Paula estaba segura de haber iniciado el primer tramo del viaje que llevaría a un afecto genuino. Pero se negaba rotundamente a utilizar esa palabra que empezaba con «a», para definir lo que podía llegar a conseguir; tenía la sensación que eso podría gafar lo que estaba ocurriendo.
En el fondo, aun que no era de naturaleza supersticiosa, temía que pensar en enamorarse de ese hombre diera al traste con la posibilidad de un «felices para siempre» al final del camino.
Además, apenas sabía nada de él, excepto que odiaba desempaquetar y que tenía una sonrisa devastadora. Paula se dijo que lo más inteligente y seguro sería buscarle a Jonathan otro veterinario.
Si optaba por eso, evitaría involucrarse con el hombre cuya casa acababa de dejar, se libraría de tentaciones que la llevaran a seguir el camino equivocado.
«¿A quién intentas engañar?», se recriminó.
Nunca había sido una persona que optara automáticamente por hacer «lo más inteligente». Sobre todo si ese más inteligente llevaba a más de lo mismo: más aburrimiento, más seguridad.
Esa opción implicaba que no habría nada que diera luz a su vida. Nada que le hiciera sentir un cosquilleo en la punta de los dedos o diera alas a su imaginación, llevándola a lugares que nunca habría admitido anhelar en su interior.

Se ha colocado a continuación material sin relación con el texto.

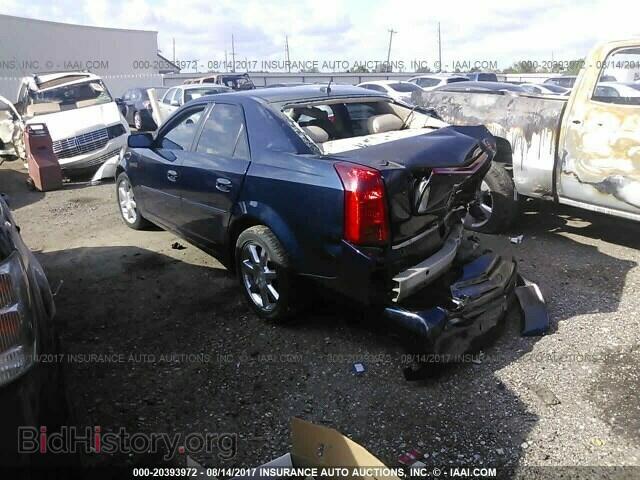 2005 CADILLAC CTS - VIN: 1G6DP567050143040 - Фото 3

—Si sigues torturándote así, no pegarás ojo, por más que lo intentes. Apaga el cerebro, ponte el pijama y duerme. O acabarás cayéndote de puro agotamiento.
Pero era más fácil decirlo que hacerlo.
Sin duda, podía ponerse el pijama y meterse en la cama. Lo que rayaba en lo imposible era la parte relativa a apagar su cerebro.
Su cerebro, por lo visto, estaba empeñado revivir una y otra vez ese último beso, repasando cada detalle y llevándolo al límite.
Estaba condenada y lo sabía.
Resignada, Paula subió la escalera que llevaba al dormitorio, seguida por su sombra negra de cuatro patas, que ladraba alegremente.